DSP Applications
DSP Memory
DSP Memory Architecture
The AmebaLite HiFi5 DSP memory is divided into on-chip and off-chip regions.
DSP On-Chip Memory (DSP exclusive)
ICache
DCache
DTCM
DSP Off-Chip Memory (Shared with AmebaLite KM4, KR4)
SRAM
PSRAM
These memories exhibit significant differences in access speed and capacity.
In terms of access performance:
DTCM and DCache offer the best real-time characteristics, running at the same frequency as the DSP and achieving single-cycle data access.
SRAM provides secondary performance at 240MHz frequency and 64-bit bus width.

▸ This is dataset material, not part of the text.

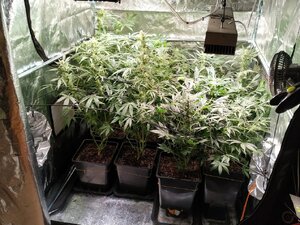 Zlikwidowana plantacja konopii indyjskich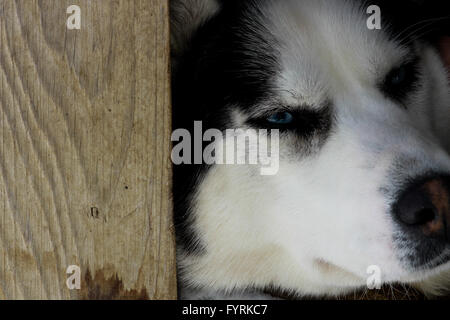 Eine schwangere Husky in einem Hundeschlitten-Camp in Quebec, Kanada. Stockfoto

PSRAM has the lowest actual bandwidth despite its nominal 250MHz frequency, due to its 16-bit physical width (8-bit DDR).
Capacity configuration shows inverse characteristics:
PSRAM provides the largest expandable space of up to 16MB (specific capacity depends on chip model);
The total SRAM capacity is 512KB, of which 447KB is actually available to the DSP after deducting the 65KB used by KM4 and KR4 processors;
DTCM and DCache serve as dedicated high-speed storage with the smallest capacity but lowest latency.
DSP Memory Access Speed
Source |
Target |
Memory Access Speed (MB/s) |
Transfer Method |
---|---|---|---|
SRAM |
DTCM |
1899 |
iDMA |
SRAM |
DCache |
1791 |
memcpy |
PSRAM |
DTCM |
430 |
iDMA |
PSRAM |
DCache |
425 |
memcpy |
Note
Test conditions: DSP 500MHz, SRAM 240MHz, PSRAM 250MHz.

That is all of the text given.